Mahkamah konstitusi adalah merupakan lembaga penjaga konstitusi. Hakim disana memiliki posisi sentral, yakni sebagai “the guardian of the constitution”. Mereka tidak menyelesaikan urusan orang-perorang sebagaimana dalam hukum perdata. Mahkamah konstitusi juga adalah merupakan lembaga peradilan yang putusannya bersifat “final and binding”. Tak ada upaya hukum lain yang dapat ditempuh oleh para pihak setelah putusan hakim itu dibacakan. Sedangkan dalam skema hukum perdata, masih terdapat tahapan upaya hukum yang dapat ditempuh oleh para pihak yang berperkara, mulai dari pengadilan negeri, banding ke pengadilan tinggi serta kasasi ke Mahkamah Agung. Apabila tidak puas juga dengan putusan kasasi, instrument hukum menyiapkan upaya hukum ular biasa, yang disebut dengan “peninjauan kembali” perkara apabila terdapat novum (bukti baru) yang kuat.
Meskipun tulisan ini tidak hendak membahas secara khusus mengenai putusan pengadilan perdata atau pengadilan konstitusi, tetapi maksud atau makna eksistensi si subyek yang menjatuhkan putusan “ultra petita”, merupakan refleksi imperatif dari kewajiban hakim yang dinyatakan dalam undang-undang, bahwa; “hakim tidak boleh menolak perkara yang diajukan kepadanya”, dimana dia berpijak pada kewajiban lain, yakni “menemukan hukum” untuk meyelesaikan perkara yang diperiksa dan diadili. Kewajiban memeriksa dan mengadili perkara tersebut merupakan kewajiban imperatif yang diperintahkan oleh undang-undang, sehingga tak ada alasan lain bagi hakim selain harus menjatuhkan putusan.

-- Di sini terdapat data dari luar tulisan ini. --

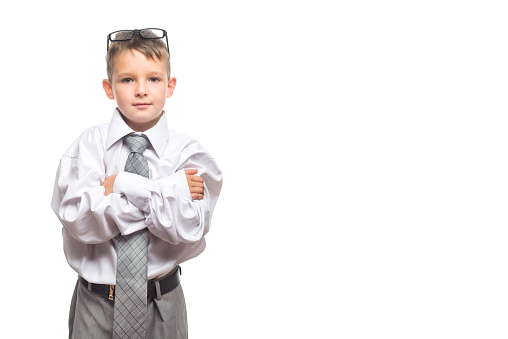 Little cute boy in a gray suit, tie and white shirt with glasses on his head is isolated on a white background. Advertising of educational courses, advanced training.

Pada konteks inilah, Mahkamah Konstitusi sebagai the guardian of the constitution yang merupakan lembaga pemutus yang bersifat final dan mengikat terhadap suatu perkara yang menjadi kewenangannya, sehingga diberikan keleluasaan untuk menjatuhkan putusan ultra petita terhadap perkara tersebut.
Karena itu, putusan ultra petita adalah merupakan refleksi “transendental hakim” yang memiliki “kebebasan terikat” untuk menjatuhkan putusan. Kita dapat membayangkan, bahwa hakim harus memutuskan perkara dengan berpijak pada “keyakinan”-nya sebagai alas moral.